Records excerpted from a collection >>
━━━━━━━━

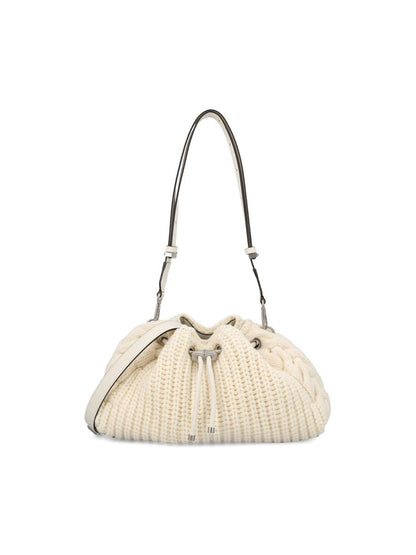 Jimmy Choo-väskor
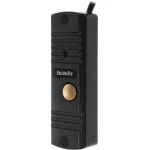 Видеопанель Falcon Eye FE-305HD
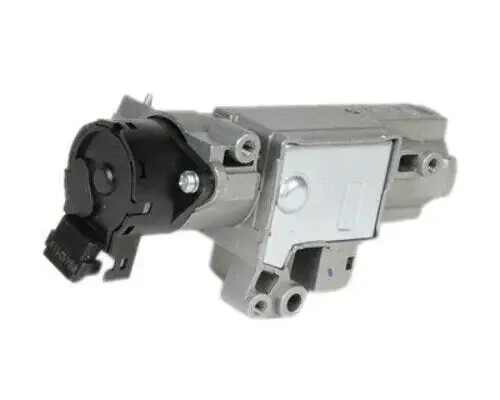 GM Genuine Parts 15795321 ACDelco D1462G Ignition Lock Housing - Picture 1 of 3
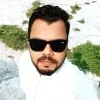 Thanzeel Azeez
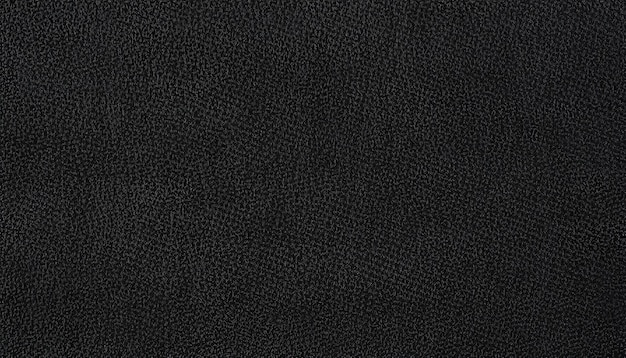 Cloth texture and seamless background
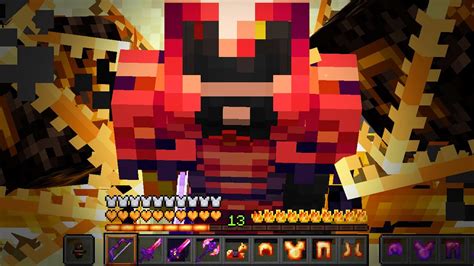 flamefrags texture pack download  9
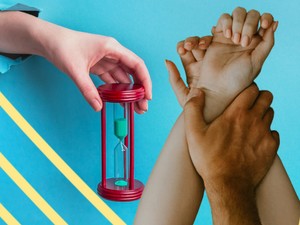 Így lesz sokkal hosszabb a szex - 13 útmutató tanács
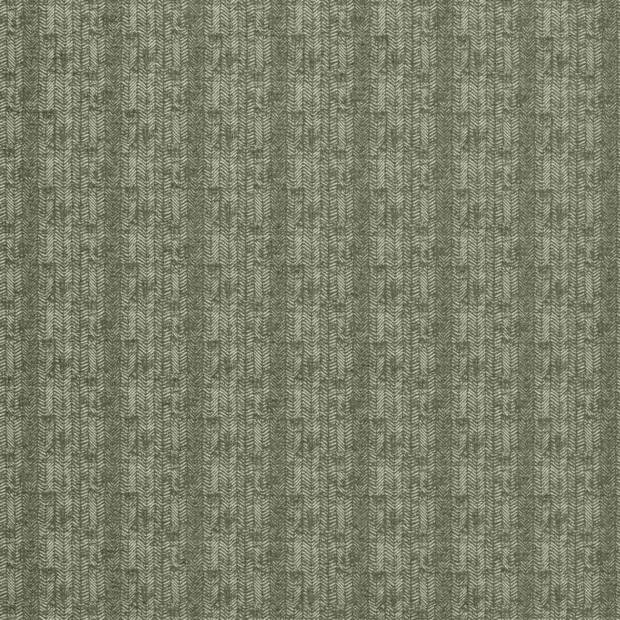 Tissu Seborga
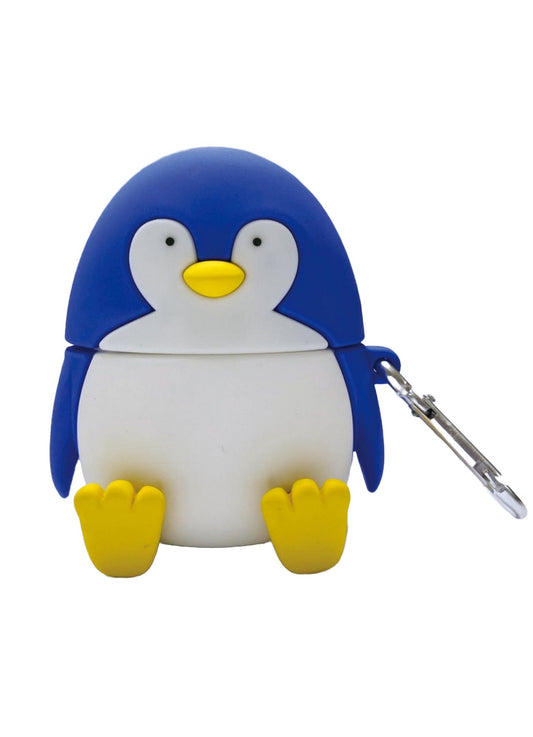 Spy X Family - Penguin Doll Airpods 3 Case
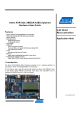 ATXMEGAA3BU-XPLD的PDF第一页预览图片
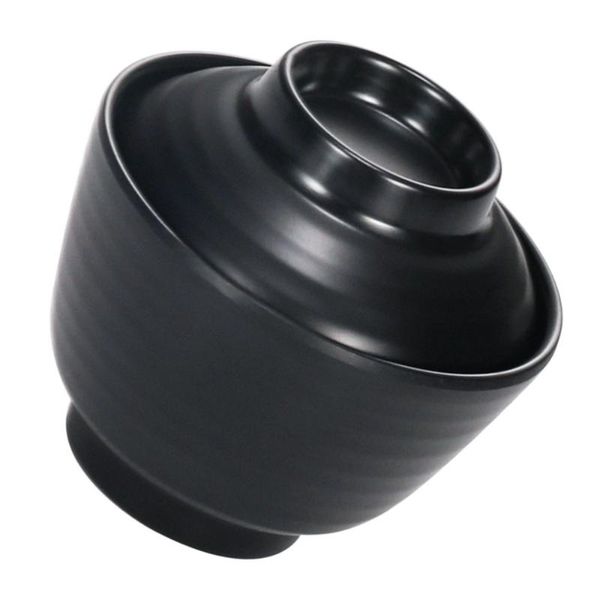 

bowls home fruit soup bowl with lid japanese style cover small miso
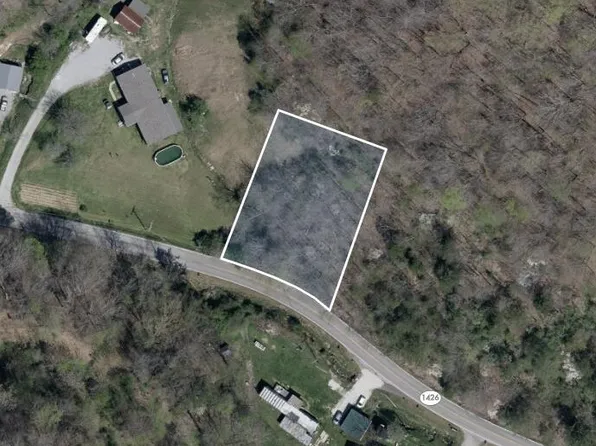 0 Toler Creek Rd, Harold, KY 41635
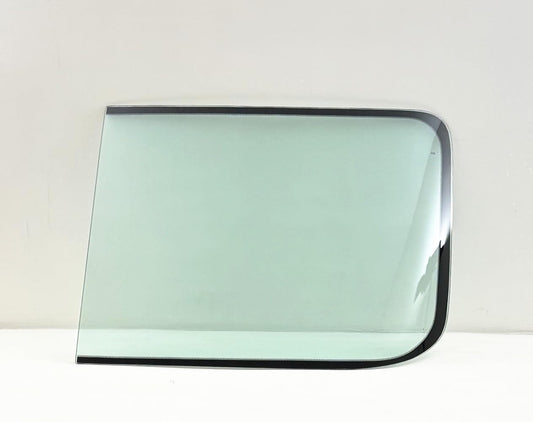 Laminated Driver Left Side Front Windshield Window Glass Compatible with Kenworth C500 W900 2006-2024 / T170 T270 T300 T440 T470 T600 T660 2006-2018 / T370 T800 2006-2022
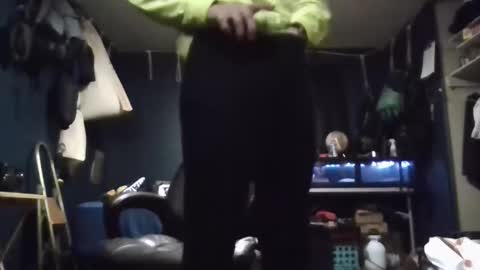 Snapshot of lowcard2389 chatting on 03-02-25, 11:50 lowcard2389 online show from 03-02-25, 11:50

━━━━━━━━

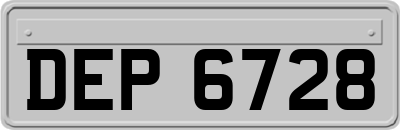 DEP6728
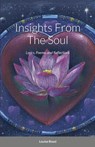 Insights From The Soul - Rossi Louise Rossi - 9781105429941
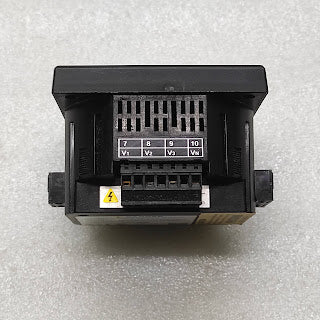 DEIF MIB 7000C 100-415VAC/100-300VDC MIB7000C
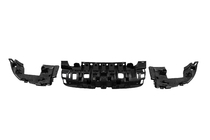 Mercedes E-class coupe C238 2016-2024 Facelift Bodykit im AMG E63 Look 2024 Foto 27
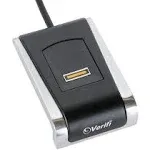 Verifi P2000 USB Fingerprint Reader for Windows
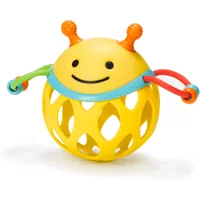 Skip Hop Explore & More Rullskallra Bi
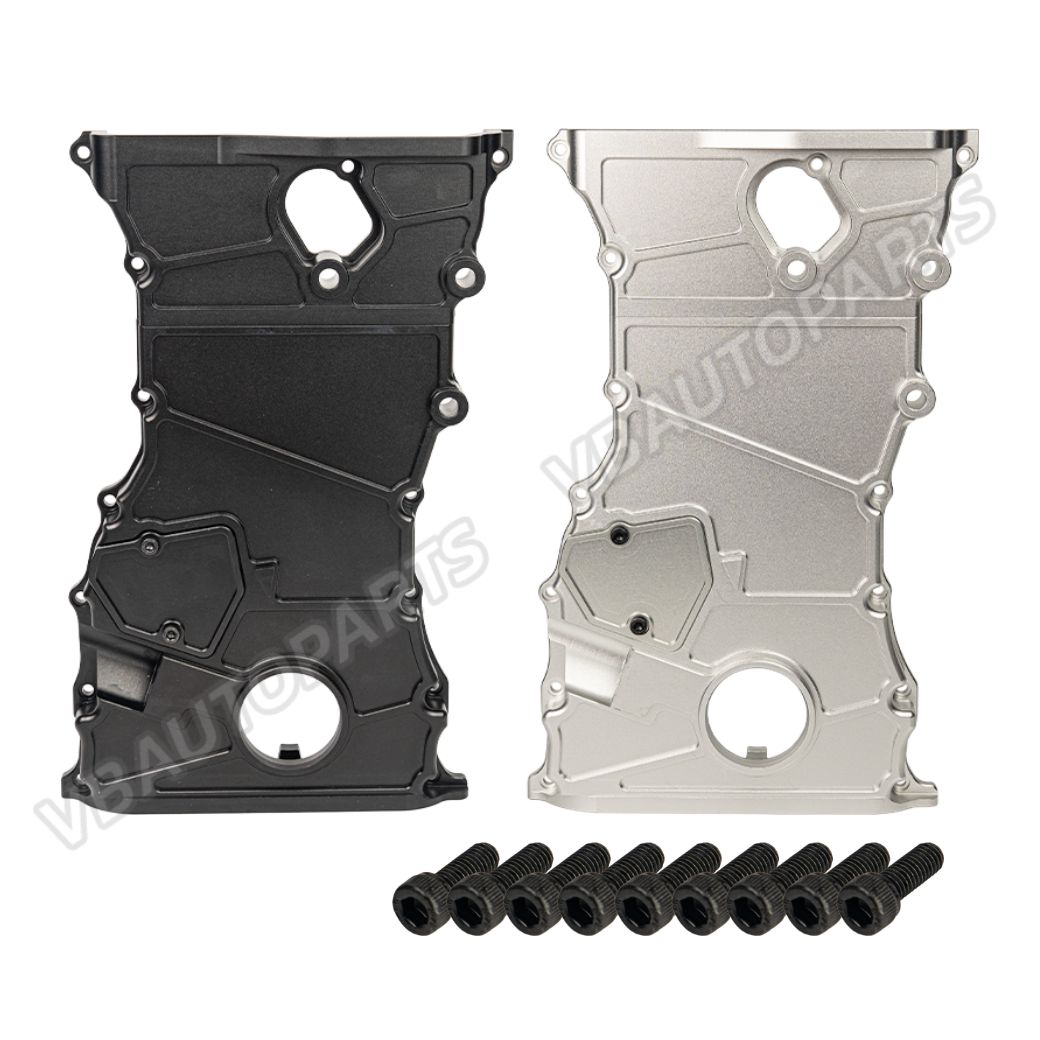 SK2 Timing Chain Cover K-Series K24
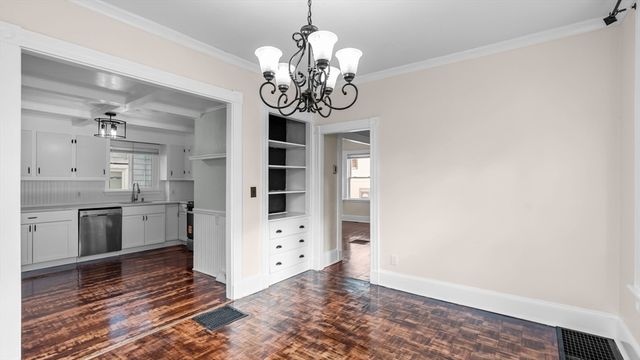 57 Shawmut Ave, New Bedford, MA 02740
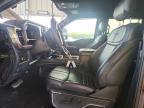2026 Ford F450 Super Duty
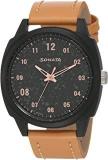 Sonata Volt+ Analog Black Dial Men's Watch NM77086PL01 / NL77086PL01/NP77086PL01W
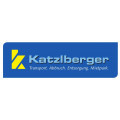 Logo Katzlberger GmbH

━━━━━━━━

Reproduce the data above exactly, but only from the line containing "Laminated Driver Left" through the line containing "Snapshot of lowcard2389". Omit all pictures.

Task answer >>
 Laminated Driver Left Side Front Windshield Window Glass Compatible with Kenworth C500 W900 2006-2024 / T170 T270 T300 T440 T470 T600 T660 2006-2018 / T370 T800 2006-2022
 Snapshot of lowcard2389 chatting on 03-02-25, 11:50 lowcard2389 online show from 03-02-25, 11:50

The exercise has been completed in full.